An exciting new initiative to scale up the adoption of Passive House was announced at the Passive House Canada conference in Hamilton, Ontario earlier this month. The Building Performance Assurance Council (BPAC), jointly supported by Passive House Canada and Passive House Network, was founded to streamline the construction and verification of buildings that meet the performance targets identified by the Intergovernmental Panel on Climate Change (IPCC) and the United Nations (UN) as needed to get countries, including Canada and the U.S., to meet the Paris Agreement targets.
“Our main goal is to attack climate change,” says Lois Arena, director of Passive House services at Stephen Winter Associates, “And this Passive House pathway has been recognized by the UN as one of the major pathways to do that. And so, we are scaling up.” Arena was one of a four-member panel introducing BPAC, along with Craig Stevenson of AUROS Group, Evelyne Bouchard of Tandem Architecture Écologique, and Matthew Bowers of Rochester Passive House Consulting. Stevenson and Bouchard are chairs of the Passive House Network and Passive House Canada boards, respectively. Chris Ballard, CEO of Passive House Canada, moderated the panel.
Initially BPAC’s support and verification of building performance will be laser focused on operational energy, and the international Passive House standard in particular, but the nonprofit anticipates adding other standards in the future, such as those that assess embodied carbon or indoor air quality. “We support Passive House, because foundationally it delivers needed outcomes, but we equally support other elements delivering other necessary outcomes and take a brand neutral approach throughout,” explains Stevenson.

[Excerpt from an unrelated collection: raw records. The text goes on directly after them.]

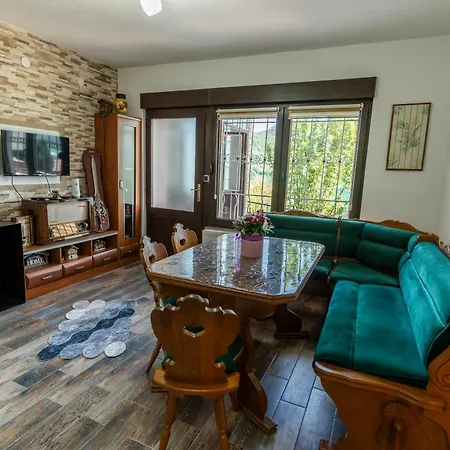 'miris Ljeta' Cozy Lakefront Holiday home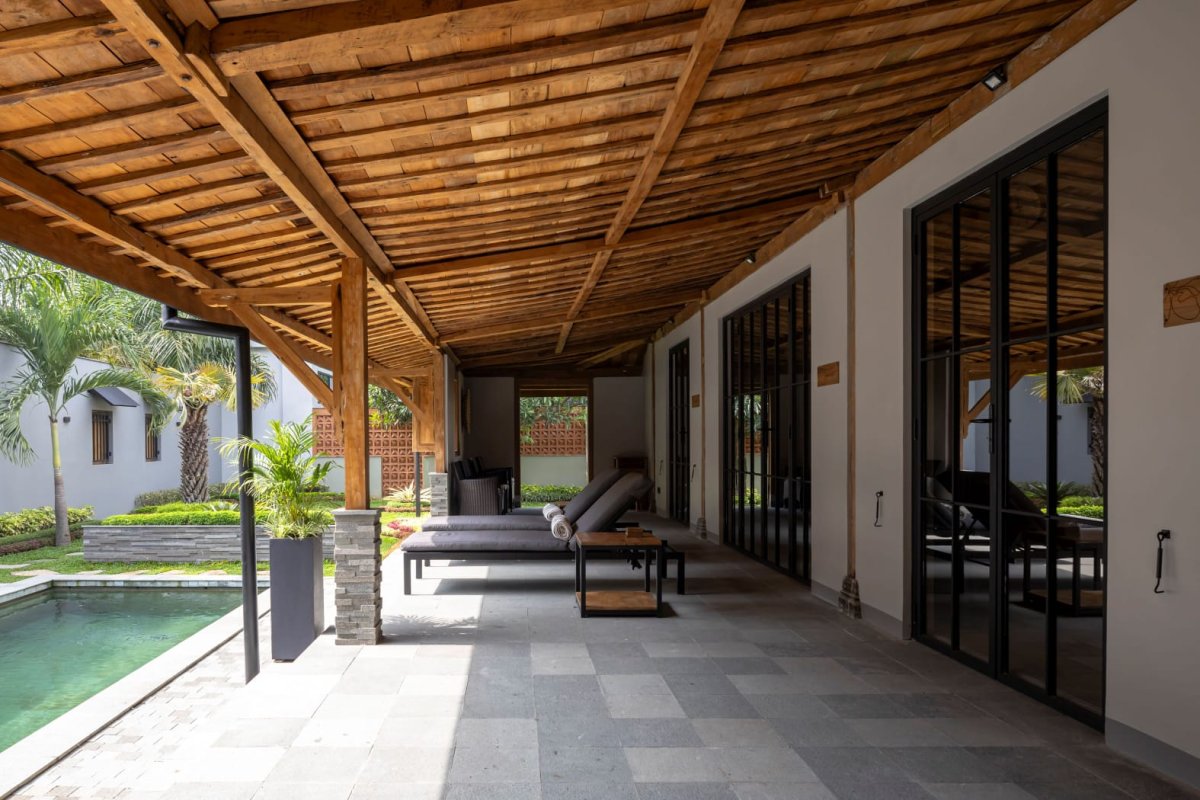 Rumah Mewah Nuansa Kayu Joglo Berpadu Arsitektur Modern Minimalis Dekat Luwes Gentan Solo - Foto 8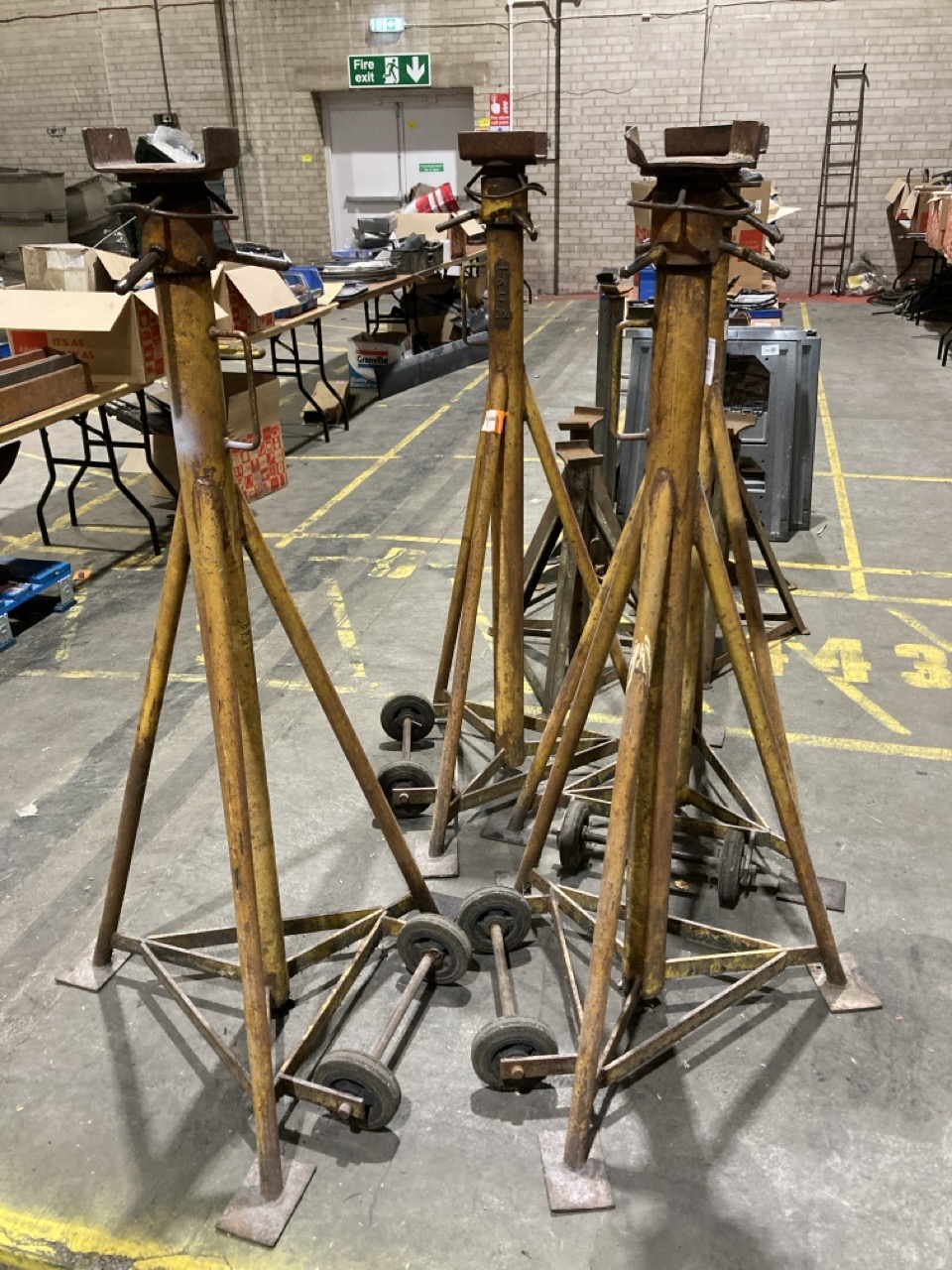 Lot 84  
            Birmingham - Collection Only 

                
4 X HEAVY DUTY INDUSTRIAL TRIPOD JACKS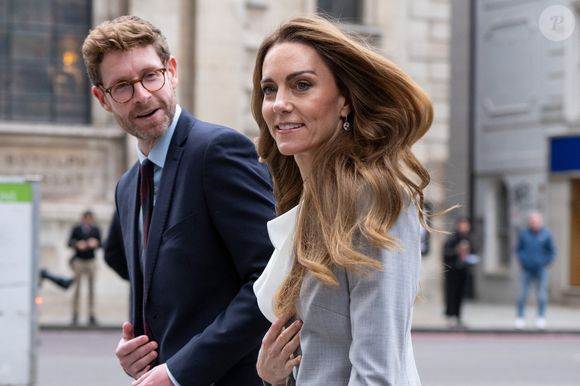 Kate Middleton assiste au Sommet sur l'avenir du travail, organisé par la Royal Foundation et le groupe de travail des entreprises pour la petite enfance à la Salesforce Tower, dans la City de Londres, au Royaume-Uni, le 18 novembre 2025. © Thomas Krych/ZUMA Press Wire/Bestimage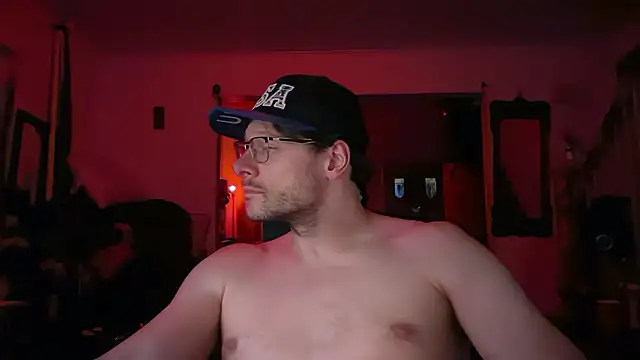 MasterDaddyCool's Live XXX Chat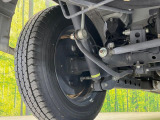 お車を安心してお乗りいただく為には、足回りの定期点検が欠かせません。サービスサポート(有償保証)では無料点検もご提供しており、安心のカーライフをお過ごしいただけるサポート体制が整っています。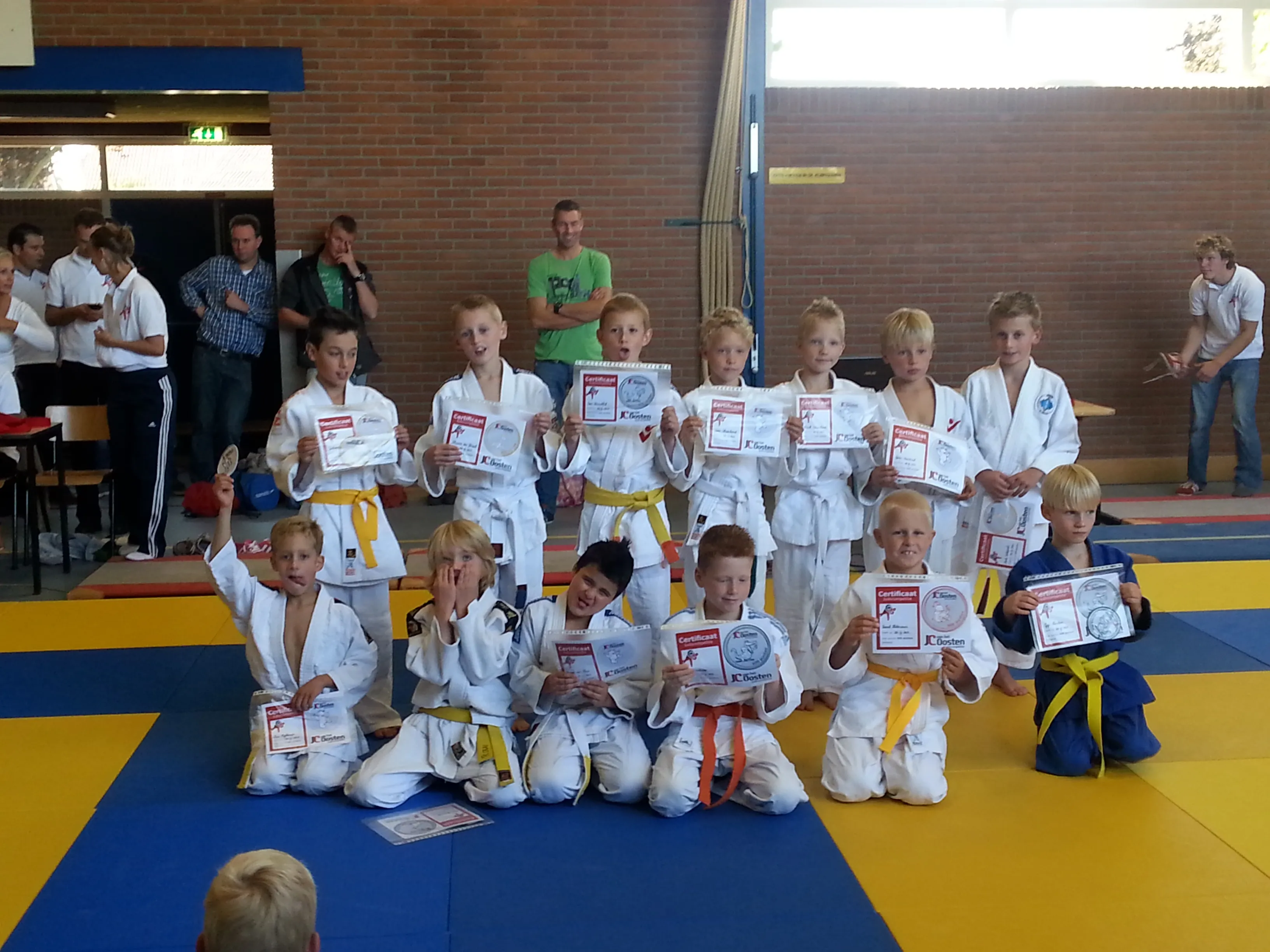 qqruqn85ebc32gmcefyc7a6fl jc van het oosten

In addition to BPAC’s role in assurance and verification, the council plans to develop a database of buildings pursuing targeted outcomes. Basic information about each project will be displayed publicly, with detailed, time-series data from building measurement and verification systems supporting research and quality assurance processes.
Stevenson was particularly adamant about the need for high-quality building data to continually improve practices and processes, and to provide transparency and confidence to project teams and building owners. “The importance of the BPAC time-series database cannot be overstated,” says Stevenson, “BPAC is focusing on outcome-based criteria over the life of buildings. The database will be used to continue to validate the merits of the Passive House standard used to decarbonize our building stock.”
In discussing BPAC after the panel, Bouchard said, “We have a good handle on Passive House and just need to do more of it to scale that up. We can also look at embodied carbon more seriously and post-occupancy data and commissioning. The more we share that information among us, the less duplication of efforts, and the more quickly we can do what needs to be done.”
As Ballard emphasized during the conference, BPAC is currently in a very early stage. The announcement of the council’s formation is intended to spur a conversation within the building community about the most effective way to move forward.